さっき見つけた野宿できそうな空間まで戻る。その途中でラーシュ君と少し話すことが出来た。
「よし、これだけ集めれば、今日の夜くらいは凌げそうだな」
「木の実もぼくが知っている実があってよかったです」
ラーシュ君はぼろ雑巾のような上着の裾を持ち、野イチゴのような実を沢山乗せて持っていた。
「ほんとラーシュ君のおかげだよ。よくこの実のことを知ってたね」
「昔よく取りに行っていたんです。ぼくが人に捕まる前は……」
ラーシュ君は下を向き、尻尾と耳が垂れさがる。ラーシュ君が落ち込むと僕も胸が苦しくなった。なぜかわからない。もしかするとラーシュ君に同情しているのかもしれない。
「ご、ごめん、嫌なことを思い出させちゃったね」
「いえ……気にしないでください。昔は変えられないけど、解放された今は頑張って生きていこうって思えるから……」
まだ小さいのにそんなこと思ってるなんて……なんて偉い子なんだ。僕はラーシュ君の生きざまを見て僕よりも断然強い子なんだと知る。きっとひたむきに頑張るところがラーシュ君の長所だろう。
「ラーシュ君は凄いね……」
僕達は先ほど見つけた場所に戻って来て猛獣に襲われないように焚火を作る準備をした。
「よし、薪を並べて魔剣をかざすと……」
僕は運んできた薪を空気が入りやすいように重ねながら並べた。その後、魔剣に付いている魔石から小さな火を出し、薪を燃やす。

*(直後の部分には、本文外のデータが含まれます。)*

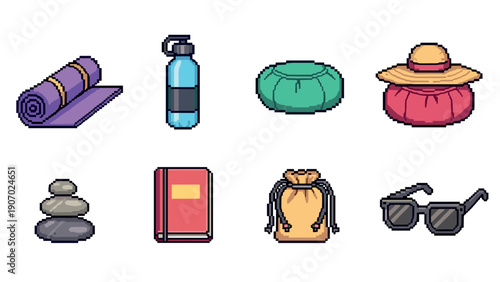 Pixel art yoga essentials: meditation and fitness icons in retro style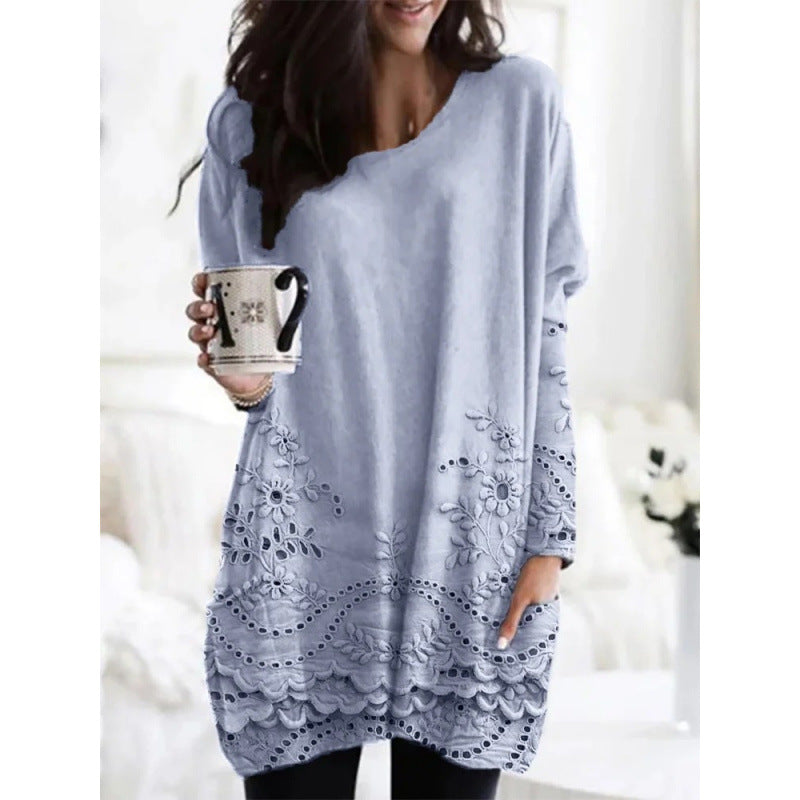 3D Digital Printing Women's Round Neck Mid-length Top T-shirt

「よかった、火が点いた。これで魔獣や動物に襲われにくくなるははずだよ」
「その剣、便利ですね」
「ああ、この剣は僕の師匠が作ってくれた剣なんだ。僕が溜め過ぎた魔力を吸い出して魔石に溜めてくれるんだよ」
「な、なんかよくわからないけど、すごい剣じゃないですか!」
「ほんと……、そうなんだよね。でも僕はまだうまく使いこなせていない。そういえば、僕たちまだちゃんと自己紹介してなかったよね。僕の名前はヘイへ、家族は妹が一人。一応、冒険者ということになってる。Fランクだけど」
「え、ええっと、ぼくの名前はラーシュです。家族は……たぶんもういません」
僕は少し気まずいことをまた聞いてしまった。
「ご、ごめん」
「いえ、両親ともに生きているほうが珍しいと思うので、これくらい普通ですよ。きっと……普通ですよ」
ラーシュ君は焚火を見つめながら、膝を抱え込んで背中を丸める。焚火の明りが反射している瞳が先ほどよりも潤っていた。両親が大好きだったのだろう。
「でも、まだ亡くなっているって確認したわけじゃないんだよね?」
「それは……、そうですけど。でも、きっともう……」
「あきらめちゃだめだよ! 少しでも生き残っている可能性があるなら探すべきだ!」
「ヘイヘさん……。そ、そうですよね。まだ生きてるかもしれないですもんね」
ラーシュ君は膝を抱えながら少し微笑んでいた。先ほどよりは前向きな気持ちになってくれただろうか。
僕達は野イチゴを食し、お腹を満たす。水分が豊富で喉の渇きも潤わせることができた。
「夜はやっぱり冷えるね。ラーシュ君は寒くない?」
「ちょっと寒いかもです……」
「それじゃ、薪をもう少し入れて火を強くするよ。僕が見張りと火の番をするからラーシュ君は寝ていてもいいよ」
「でも……」
「良いから、良いから。僕にできるのはこれくらいしかないんだ」
「それじゃあ……」
ラーシュ君は立ち上がり、少しずつ近寄ってくる。僕の前まで来ると僕が座っている脚の間に潜り込んできた。
「ど、どうしたのラーシュ君」
「こっちの方が温かいと思ったので……」
「そう……。ラーシュ君がいいなら別にいいんだけど」
僕の脚の間に座るラーシュ君は、焚火の炎で温められる。ラーシュ君の温度が僕にまで伝わり凄く温かい。